The size of the track is a bit limited due to the fact he needed to keep some of the yard intact for the kids to play in. (That tent is my home when I’m visit btw) That didn’t stop him from expanding it a bit with a second, slalom-like line.
Patty’s back yard – Portland, OR
Izaak’s pump track in turn, inspired some of our friends that came through on a road trip- here’s what they ended up coming up with in a back yard in Portland, Oregon.
They’re not done yet either; recent upgrades have included a bowl and a wallride. No video on this one- yet.
the Fix in Boulder, CO
We sessioned a super sweet pump track/ dirt jump park set up behind the Fix Bike Shop in Boulder, CO that we visited in January.
The Fix definitely has one of the raddest backyards we’ve seen to date. It crosses the line from backyard fun to full blown bike park, with pro and intermediate dirt jump lines as well. If I lived in Boulder, I’d be here a few times a week, digging and riding. Fo’ sure.

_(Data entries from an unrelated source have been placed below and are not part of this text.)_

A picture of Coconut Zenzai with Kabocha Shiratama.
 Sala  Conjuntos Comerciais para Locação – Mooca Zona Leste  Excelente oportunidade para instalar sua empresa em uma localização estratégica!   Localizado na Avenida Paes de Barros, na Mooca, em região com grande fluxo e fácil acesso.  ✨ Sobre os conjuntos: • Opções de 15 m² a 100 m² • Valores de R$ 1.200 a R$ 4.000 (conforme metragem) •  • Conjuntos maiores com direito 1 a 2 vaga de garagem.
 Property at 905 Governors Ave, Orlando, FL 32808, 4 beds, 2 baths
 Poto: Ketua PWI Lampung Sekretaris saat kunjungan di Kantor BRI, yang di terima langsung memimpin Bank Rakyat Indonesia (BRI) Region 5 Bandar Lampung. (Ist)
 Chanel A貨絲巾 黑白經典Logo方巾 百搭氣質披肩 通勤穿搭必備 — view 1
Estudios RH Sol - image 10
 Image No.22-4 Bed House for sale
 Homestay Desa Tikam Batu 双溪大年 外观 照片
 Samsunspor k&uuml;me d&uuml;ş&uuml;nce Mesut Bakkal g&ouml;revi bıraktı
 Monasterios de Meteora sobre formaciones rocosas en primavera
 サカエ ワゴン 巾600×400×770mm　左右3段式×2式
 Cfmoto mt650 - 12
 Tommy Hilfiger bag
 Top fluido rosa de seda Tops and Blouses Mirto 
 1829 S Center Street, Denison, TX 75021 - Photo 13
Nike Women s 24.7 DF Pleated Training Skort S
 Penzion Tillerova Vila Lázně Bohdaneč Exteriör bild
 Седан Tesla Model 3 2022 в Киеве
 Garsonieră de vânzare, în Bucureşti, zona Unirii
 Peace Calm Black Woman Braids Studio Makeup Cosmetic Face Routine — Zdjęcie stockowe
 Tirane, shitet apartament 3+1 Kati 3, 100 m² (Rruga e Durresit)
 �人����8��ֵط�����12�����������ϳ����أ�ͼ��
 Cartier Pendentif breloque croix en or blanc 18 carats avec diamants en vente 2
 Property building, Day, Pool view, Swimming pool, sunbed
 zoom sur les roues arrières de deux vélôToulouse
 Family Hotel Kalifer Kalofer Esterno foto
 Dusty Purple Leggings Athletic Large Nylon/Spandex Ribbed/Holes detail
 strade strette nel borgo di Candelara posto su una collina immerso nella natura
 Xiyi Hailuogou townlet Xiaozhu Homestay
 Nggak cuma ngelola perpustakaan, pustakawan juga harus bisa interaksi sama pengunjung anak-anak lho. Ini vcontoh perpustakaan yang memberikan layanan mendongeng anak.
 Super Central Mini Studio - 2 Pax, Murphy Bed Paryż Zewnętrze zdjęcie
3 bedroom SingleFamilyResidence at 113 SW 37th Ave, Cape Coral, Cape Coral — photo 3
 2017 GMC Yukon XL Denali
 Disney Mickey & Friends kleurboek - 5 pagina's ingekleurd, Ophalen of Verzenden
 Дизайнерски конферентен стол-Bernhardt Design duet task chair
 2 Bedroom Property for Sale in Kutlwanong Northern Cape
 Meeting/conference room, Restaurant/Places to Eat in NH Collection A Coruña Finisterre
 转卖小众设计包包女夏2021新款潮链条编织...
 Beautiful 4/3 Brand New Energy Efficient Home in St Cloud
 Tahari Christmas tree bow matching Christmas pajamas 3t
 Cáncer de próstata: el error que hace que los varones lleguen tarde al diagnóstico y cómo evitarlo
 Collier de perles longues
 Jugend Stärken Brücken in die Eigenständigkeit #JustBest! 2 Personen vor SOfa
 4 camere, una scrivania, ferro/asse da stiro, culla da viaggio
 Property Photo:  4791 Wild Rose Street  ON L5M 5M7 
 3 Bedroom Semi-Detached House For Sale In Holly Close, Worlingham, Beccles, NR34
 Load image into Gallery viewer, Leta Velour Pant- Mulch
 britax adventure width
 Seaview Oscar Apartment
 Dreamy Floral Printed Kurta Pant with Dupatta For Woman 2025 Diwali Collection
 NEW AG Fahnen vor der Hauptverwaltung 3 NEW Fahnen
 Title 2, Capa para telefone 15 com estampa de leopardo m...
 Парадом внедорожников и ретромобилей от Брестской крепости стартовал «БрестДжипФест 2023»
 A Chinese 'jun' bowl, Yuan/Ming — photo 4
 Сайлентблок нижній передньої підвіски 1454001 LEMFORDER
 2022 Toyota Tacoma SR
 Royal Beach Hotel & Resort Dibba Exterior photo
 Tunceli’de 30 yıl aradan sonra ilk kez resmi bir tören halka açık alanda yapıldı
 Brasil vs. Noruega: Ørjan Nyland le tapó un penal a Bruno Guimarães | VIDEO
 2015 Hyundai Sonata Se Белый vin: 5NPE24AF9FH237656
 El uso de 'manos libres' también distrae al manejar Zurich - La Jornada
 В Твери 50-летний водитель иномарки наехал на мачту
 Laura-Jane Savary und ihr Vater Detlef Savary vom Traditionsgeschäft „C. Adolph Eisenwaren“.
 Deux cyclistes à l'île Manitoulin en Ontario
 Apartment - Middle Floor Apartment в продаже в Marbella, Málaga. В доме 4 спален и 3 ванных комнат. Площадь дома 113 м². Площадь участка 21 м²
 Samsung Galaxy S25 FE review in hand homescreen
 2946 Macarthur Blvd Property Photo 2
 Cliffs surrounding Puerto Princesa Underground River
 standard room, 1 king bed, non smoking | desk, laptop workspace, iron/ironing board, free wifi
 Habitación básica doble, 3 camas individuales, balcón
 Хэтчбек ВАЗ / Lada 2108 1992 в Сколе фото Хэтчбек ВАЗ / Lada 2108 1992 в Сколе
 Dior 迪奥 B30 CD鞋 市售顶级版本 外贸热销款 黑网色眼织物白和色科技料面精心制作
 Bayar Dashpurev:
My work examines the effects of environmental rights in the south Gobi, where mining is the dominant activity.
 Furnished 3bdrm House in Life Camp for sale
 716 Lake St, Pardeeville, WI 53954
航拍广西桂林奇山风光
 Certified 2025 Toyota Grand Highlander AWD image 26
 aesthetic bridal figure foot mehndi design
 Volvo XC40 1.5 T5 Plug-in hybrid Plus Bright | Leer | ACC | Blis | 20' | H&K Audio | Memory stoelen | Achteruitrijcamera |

Goldstream Sports, Fairbanks, AK
We also rode and worked on a pump track at Goldstream Sports, in Fairbanks, Alaska. (More on that one later.)
This was probably one of my favorite days of trail building while on the road- after a day of workshops and trail work, we added a whole new section to the pump track.
It being Alaska, it didn’t get dark until almost 1 or so. We ended up digging and eating BBQ and beers for at least four hours more, ending at well after 9pm. (After starting our day at 9am) That’s my kind of day.
A pump track we found when we drove through Nelson, BC
Not a backyard, and only temporary, but still cool: Pump track at Sea Otter
Every year they build a ton of cool stuff and tear it down after the event. Such a waste.
Smallest Pump track ever? Portland, OR
You don’t need a lot of space to make a track. This is the smallest track I’ve ever seen, and it was definitely tight and technical.
These are just a few of the cool backyards we rode this year-what are you waiting for? If you have a yard, all you need is some good dirt, a few shovels and rakes, (a pulaski is nice to have on hand too) and water.